→ RECORDS FOR PROCESSING

——

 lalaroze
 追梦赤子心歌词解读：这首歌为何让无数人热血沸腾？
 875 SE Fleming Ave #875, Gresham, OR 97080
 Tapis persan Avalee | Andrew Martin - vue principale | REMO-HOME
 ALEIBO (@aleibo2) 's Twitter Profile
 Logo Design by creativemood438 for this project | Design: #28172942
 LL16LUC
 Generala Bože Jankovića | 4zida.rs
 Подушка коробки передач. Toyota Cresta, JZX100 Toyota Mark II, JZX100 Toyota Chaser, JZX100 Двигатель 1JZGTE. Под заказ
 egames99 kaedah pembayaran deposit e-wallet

——

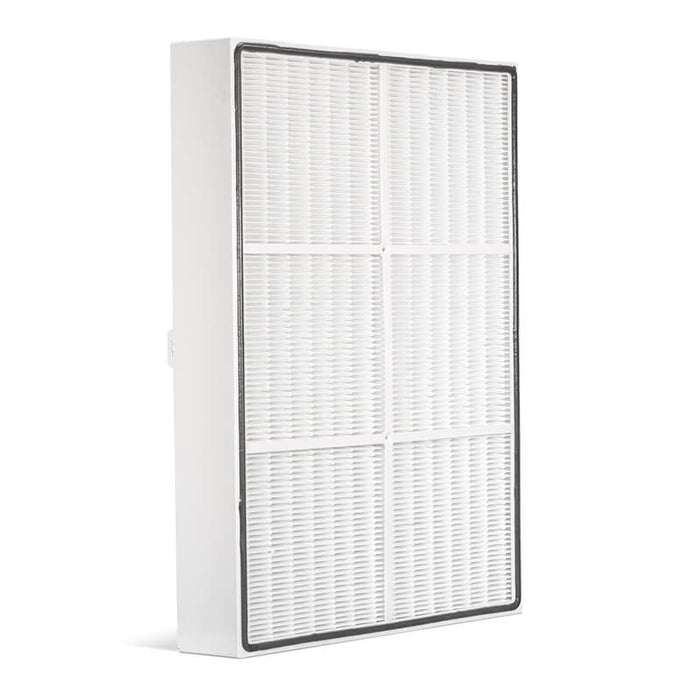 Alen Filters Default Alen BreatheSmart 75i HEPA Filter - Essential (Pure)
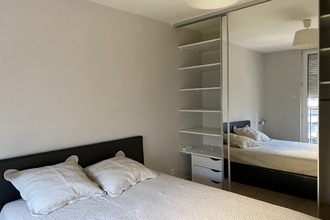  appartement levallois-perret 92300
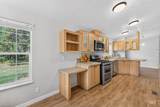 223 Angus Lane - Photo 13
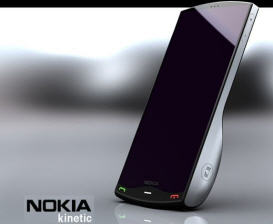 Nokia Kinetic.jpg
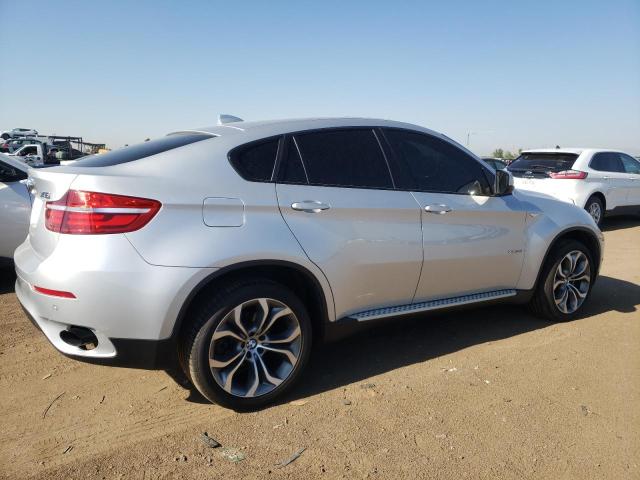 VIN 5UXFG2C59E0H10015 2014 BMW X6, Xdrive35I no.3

——

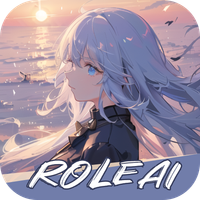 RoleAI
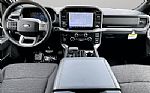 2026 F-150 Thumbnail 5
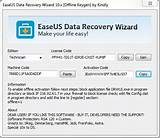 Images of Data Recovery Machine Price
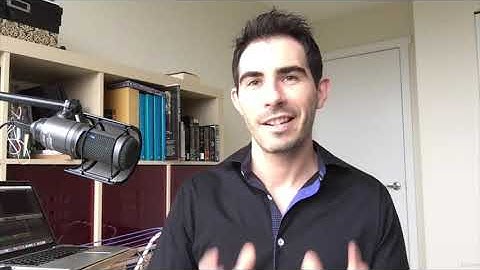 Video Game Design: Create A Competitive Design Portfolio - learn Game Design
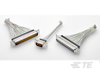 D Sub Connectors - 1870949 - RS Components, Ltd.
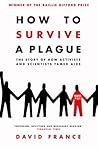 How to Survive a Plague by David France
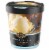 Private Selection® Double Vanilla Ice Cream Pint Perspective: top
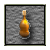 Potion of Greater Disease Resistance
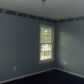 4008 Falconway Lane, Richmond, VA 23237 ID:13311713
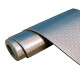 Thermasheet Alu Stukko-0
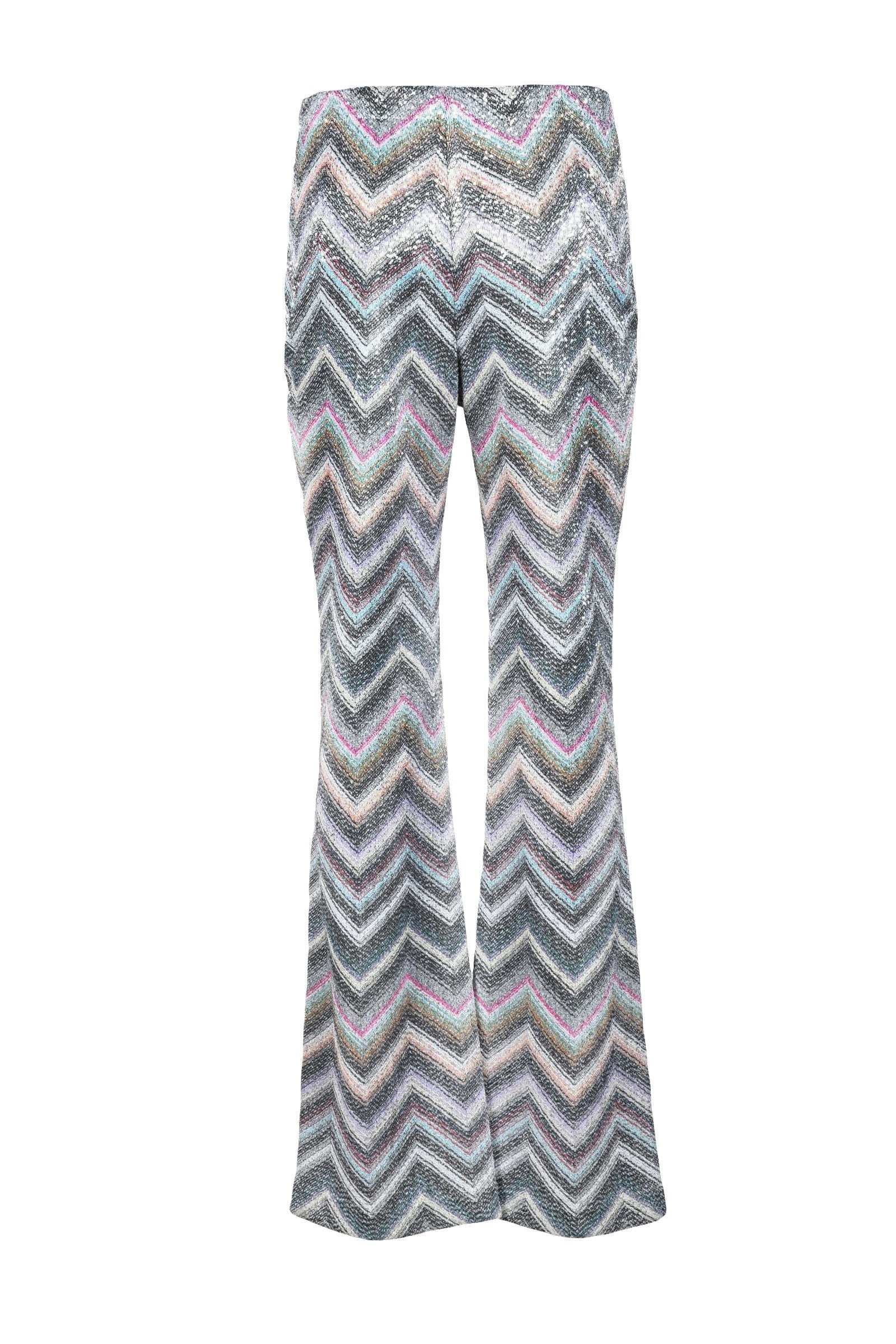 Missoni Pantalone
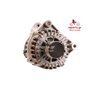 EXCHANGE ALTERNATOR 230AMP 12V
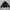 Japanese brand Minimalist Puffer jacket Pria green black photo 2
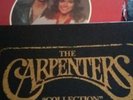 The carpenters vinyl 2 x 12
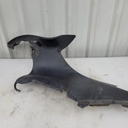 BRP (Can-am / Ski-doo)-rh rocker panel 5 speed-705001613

——

→ TASK BRIEF
Using the data above, output the line that has "4008 Falconway Lane, Richmond, VA", the line that has "BRP (Can-am /", and whatever lines fall between, each exactly as it stands and without pictures.

→ RESPONSE
 4008 Falconway Lane, Richmond, VA 23237 ID:13311713
 Thermasheet Alu Stukko-0
 Missoni Pantalone
 EXCHANGE ALTERNATOR 230AMP 12V
 Japanese brand Minimalist Puffer jacket Pria green black photo 2
 The carpenters vinyl 2 x 12
 BRP (Can-am / Ski-doo)-rh rocker panel 5 speed-705001613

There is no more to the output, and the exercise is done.